Another West Riding Exclusive
As a special concession, we make no initial charge whatsoever for setting up JISAs for the children, grandchildren or other minor family member of our existing investment clients. Our only charge is the 0.75%pa adviser ongoing fee charged to the fund to cover ongoing advice and services such as fund switching and re-platforming if those services are required. As with all investments made under our Clear and FAIR offering, our FairFees Promise also applies just the same to children’s investments, with no other adviser charges for fund switches, product transfers or reinvestments.
Stakeholder Pensions for Children
Anyone can contribute to a Stakeholder Pension for a child. The big issue to bear in mind here is that the funds cannot be accessed until the beneficiary attains the minimum age for accessing personal pension funds, which in the UK is to rise to 57 in 2028, reflecting trends in longevity and encouraging individuals to remain in work and to help ensure pension savings provide for later life. The maximum that can be contributed for a child with no pensionable earnings of their own is £2,880 per annum to which tax relief of £720 is immediately added, making a total investment of £3,600. That’s the same as achieving 25% immediate growth.
Trust Planning for Children
Where significant sums are to be invested long-term for children the investment will usually be held within a formal trust. Various types of trust are recognised in law and can be used to hold non-income producing assets such as life assurance investment bonds and also collective funds, e.g., Unit trusts/OEICs and Investment trusts.
Bare trusts entitle the beneficiary to automatically take control of the trust assets personally and completely at age 18 (16 in Scotland). Using a bare trust enables the use of the child’s own personal CGT annual exemption, which can be useful where the trust property is in the form of shares quoted on the stock exchange, OEIC shares or units of a unit trust.

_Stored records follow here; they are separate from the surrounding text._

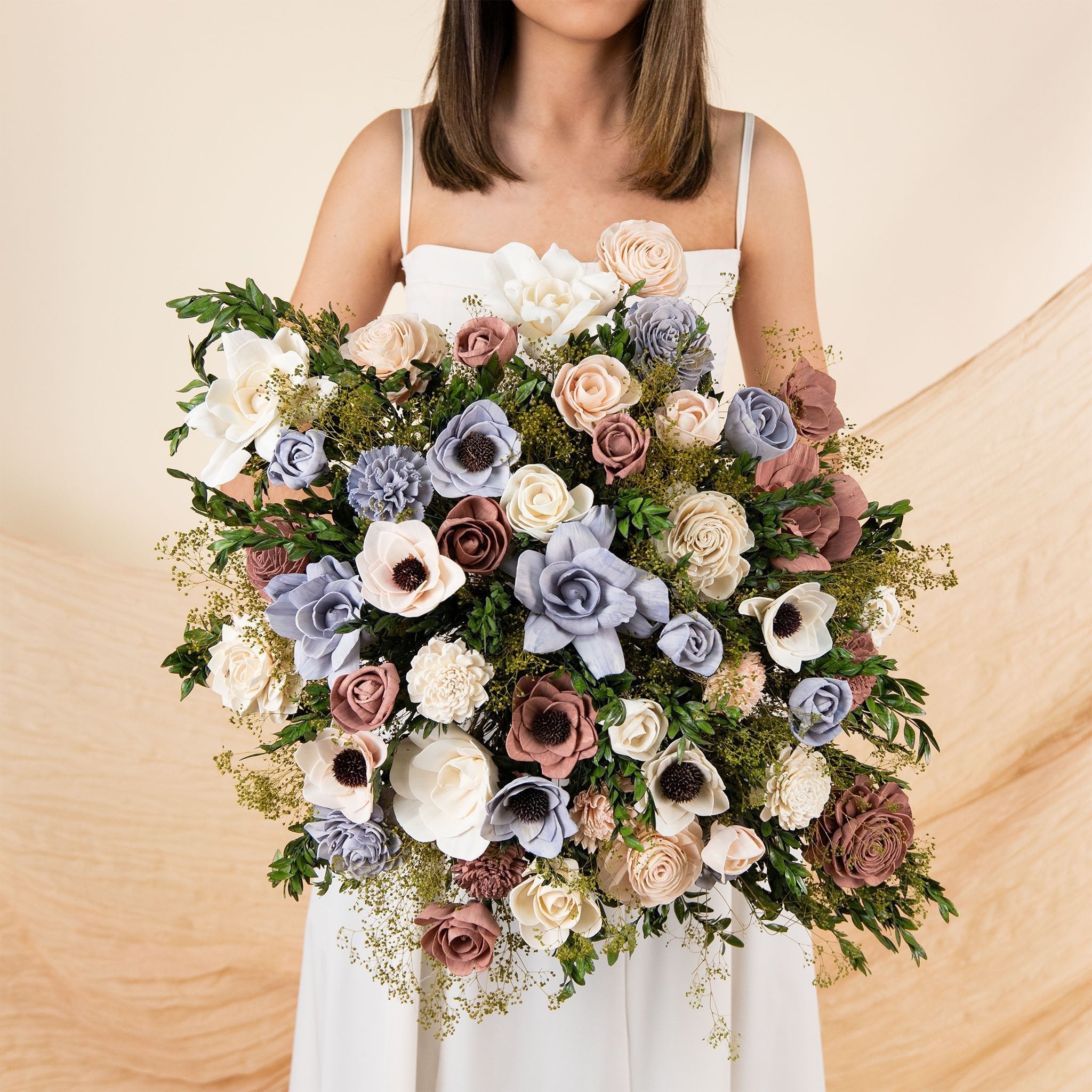 Luxe Bloom Bridal Bouquet – Sola Wood Flowers
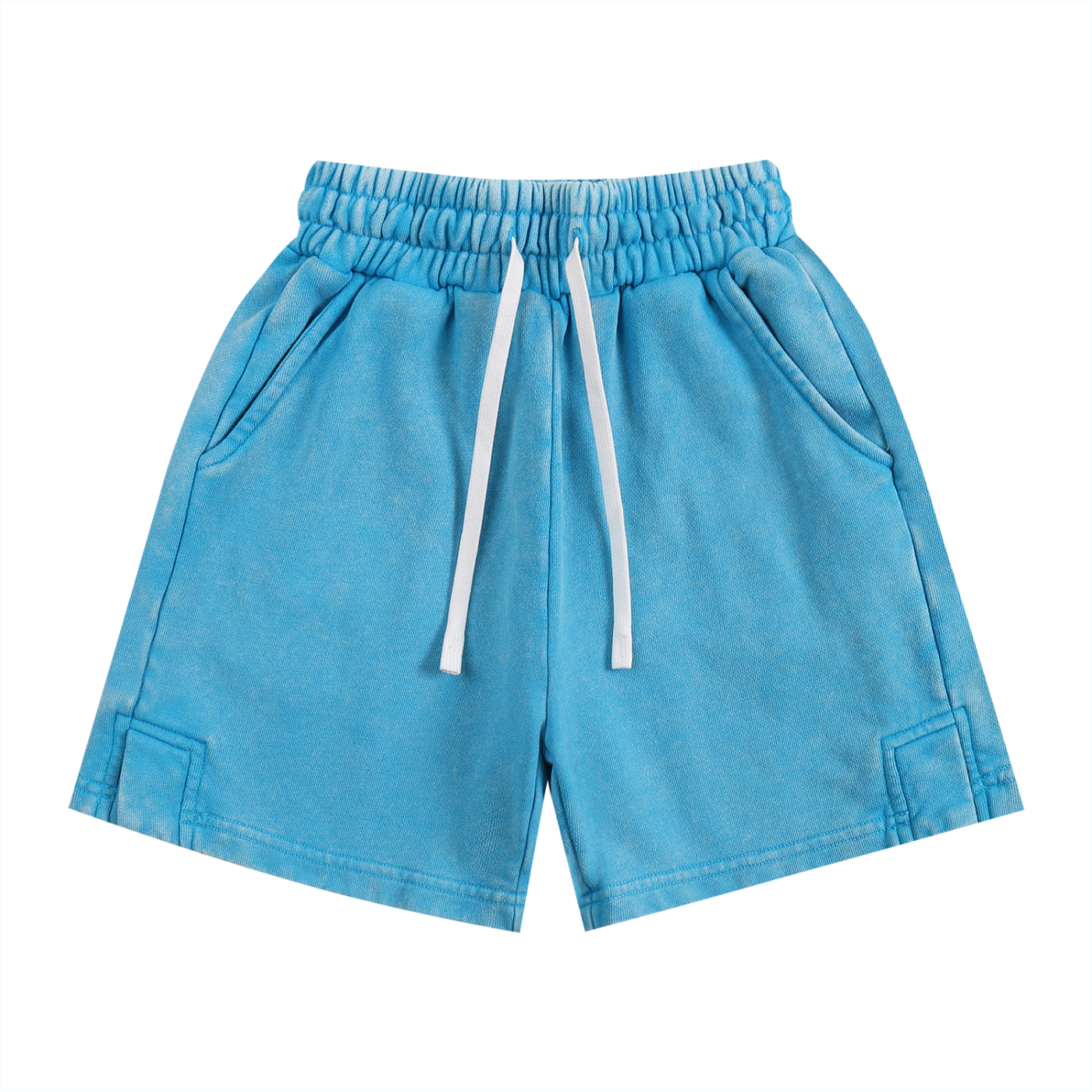 Kurze Kinderhose im Snow-washed-Look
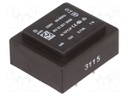 Transformer: encapsulated; 0.7VA; 230VAC; 12V; 58mA; Mounting: PCB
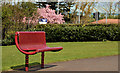 Park bench, Coleraine (1)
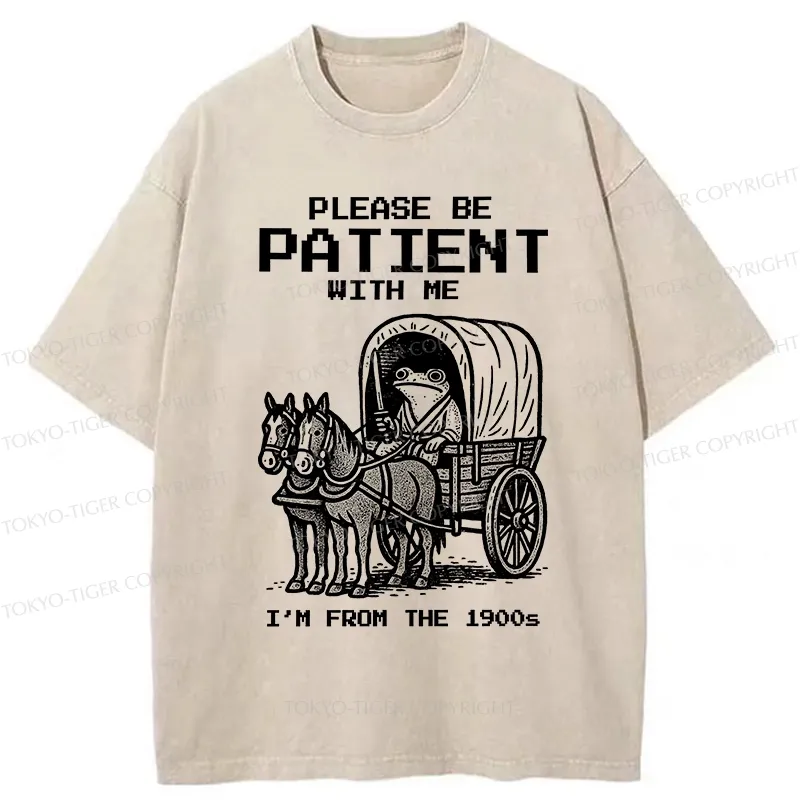 Tokyo-Tiger Please Be Patient With Me Washed T-Shirt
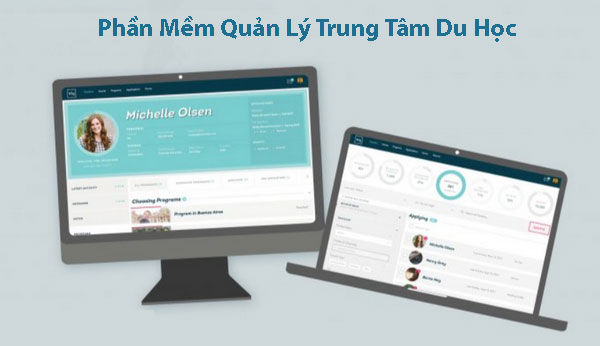 Phần mềm quản lý trung tâm du học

Discretionary trusts give trustees control over who gets what and when along with a large measure of flexibility to change or add beneficiaries if circumstances change, albeit at a ‘tax price’. The use of discretionary trusts therefore needs to be carefully considered carefully in the context of a donor’s overall Inheritance Tax planning. Income tax and Capital Gains Tax (CGT) can be a problem in terms of both their cost to the trust fund and its time-cost to them in filing annual trustee tax returns, assuming the trustees file their own returns. If they have an accountant file for them then there will also be a monetary cost.
Income Tax and CGT liabilities can often be circumvented by using a life assurance investment bond which in law is a non-income producing asset, meaning there won’t be anything to report unless a chargeable event occurs. Again, careful planning is essential and Trustees should never take action without consulting their financial advisor.